Scale gradient for specific parameter in pytorch?


Suppose I have some neural network with parameters A,B,C. Whenever a gradient update is applied to C, I want it to be scaled differently than what the normal gradient would be (i.e. every gradient update is 2x or 1/3x what the calculated gradient is). I want the gradients applied to all other parameters to stay the same. How would I go about this in pytorch?


Solution

  • You can directly access the gradient of your tensor by using the grad attribute: C.grad *= z, where z would be your multiplicative factor.

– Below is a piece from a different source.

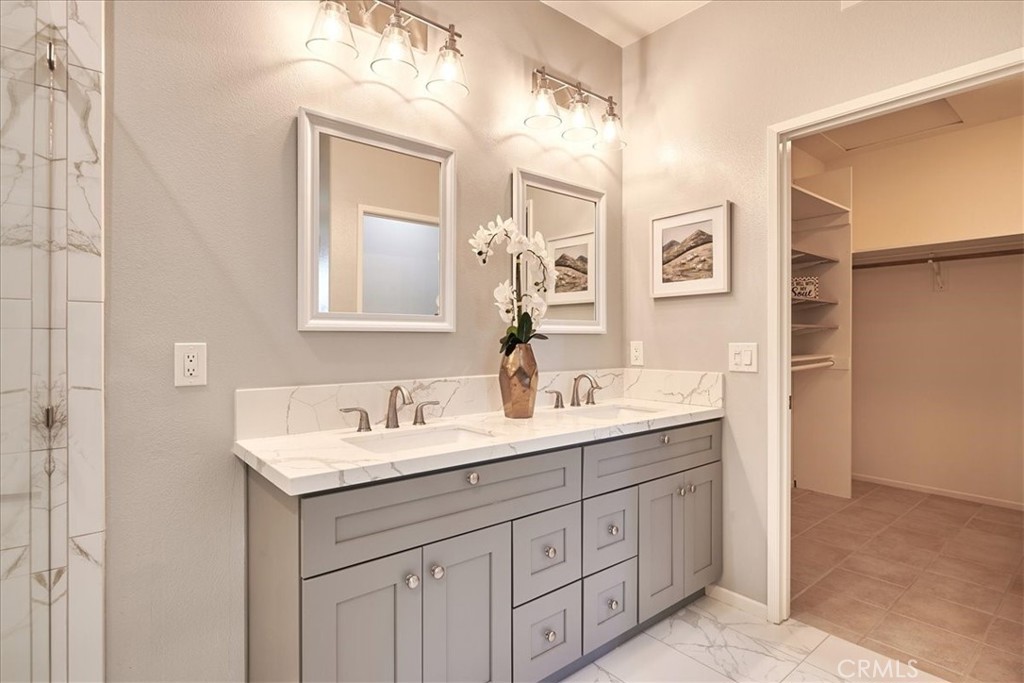 2847 Thoroughbred Street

    One way to wrap this neatly is to use a backward hook with register_full_backward_hook on your module. Here is a minimal use case corresponding to your description:

    class CustomFunction(nn.Module):
        def __init__(self):
            super().__init__()
            self.A = nn.Parameter(torch.rand(1))
            self.B = nn.Parameter(torch.rand(1))
            self.C = nn.Parameter(torch.rand(1))
    
        def forward(self, x):
            return (x*self.A+self.B)**self.C
    

    Let's set a random input:

    >>> torch.rand(1, requires_grad=True)
    

    You can define a hook that will be called when the backward function is called on that module. To do so, you can directly tap into the properties of the module passed as an argument:

    def hook(module, grad_input, grad_output):
        module.C.grad *= z
    

    Then you attach the hook on an instance of your module with register_full_backward_hook:

    >>> torch.manual_seed(0)
    >>> F = CustomFunction()
    >>> F.register_full_backward_hook(hook)
    

    The gradients are then:

    >>> F(x).backward()
    >>> F.A.grad, F.B.grad, F.C.grad
    (tensor([0.0138]), tensor([0.1044]), tensor([-0.5368]))
    

    This can be compared with an inference without the hook, as:

    >>> torch.manual_seed(0)
    >>> F = CustomFunction()
    >>> F(x).backward()
    >>> F.A.grad, F.B.grad, F.C.grad
    (tensor([0.0138]), tensor([0.1044]), tensor([-0.1789]))